But the biggest problem with the tablet turned out to be the touchscreen: after the first few days it started misbehaving, randomly losing touch functionality and forcing me to use the keyboard to do anything. At first it was just a random glitch and went away after a restart; but later it returned increasingly often, until at some point the touch screen failed completely. I have tried several solutions, from cold shutdowns to fiddling with the device manager to reinstalling drivers, but in the end nothing worked. There’s a huge thread on the Lenovo forums debating the problem with a range of questionable solutions. Finally I returned the original tablet to the store and got it replaced. The clerk there said it’s most likely a software issue caused by updates – and sure enough, the issue first appeared after a big Windows update. It happened again with the second tablet a couple of times, always after a software update, but this time around touch returned after restarting. If it was indeed a driver conflict, some update down the line fixed it, I haven’t had the problem for the last three of four months. The last time I checked the automatic brightness it was also working more smoothly, so somebody must be still working on improving compatibility – probably from Microsoft.

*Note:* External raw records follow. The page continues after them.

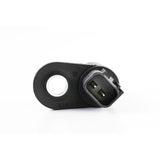 SENSOR ARBOL DE LEVAS PC643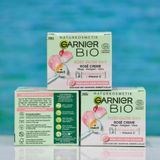  Kem dưỡng da Garnier, hộp 50ml 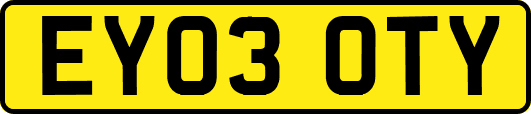 EY03OTY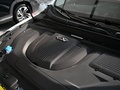 捷途X95 1.6T DCT探索Pro版5座2020款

Even if I’m a minority, I love working with Windows 8’s touch mode. Now I find myself often reaching for the laptop screen on, forgetting it’s not equipped with touch. That’s why I’m a little concerned and skeptical about the direction Microsoft is taking with Windows 10. While I don’t plan to test the preview, I can get an idea from other people’s reports. It seems that the new OS will be predominately designed to please the existing desktop users, while neglecting many of the interesting innovations for touch. It’s still many months away, so there’s still time to work on the touch aspects, so that Windows 10 can become a step forward on both fronts, not just on desktop.

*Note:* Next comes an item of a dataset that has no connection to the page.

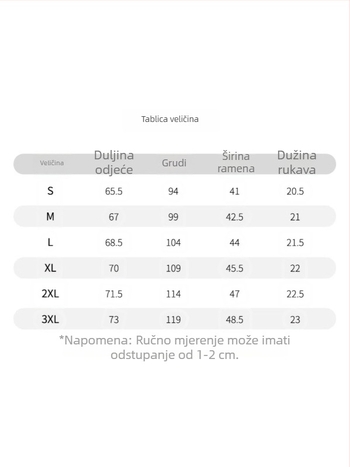 Muški polo majica kratkih rukava, ljeto 2025, mješavina Tencel pamuk i svila dudova, minimalistički američki stil
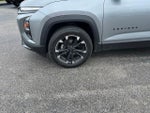 2025 Equinox Thumbnail 4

Really missing the charms bar in new Windows 10 that made it so easy to change wifi or brightness. Still can't find brightness control.— Danny Sullivan (@dannysullivan) January 24, 2015
Also wish tablet mode in Windows 10 would let you just swipe between apps as Windows 8 did, the one nice thing from Win8— Danny Sullivan (@dannysullivan) January 24, 2015
When I was done configuring the iPad and picked up my Surface, I felt relief, knowing that the same task would have been simple on that device. I could have simply kept 1Password visible in a split-screen view. To me, that’s Windows 8: the power of a desktop operating system, combined with the simplicity of an iPad. The Surface is an iPad without the drawbacks of the iPad.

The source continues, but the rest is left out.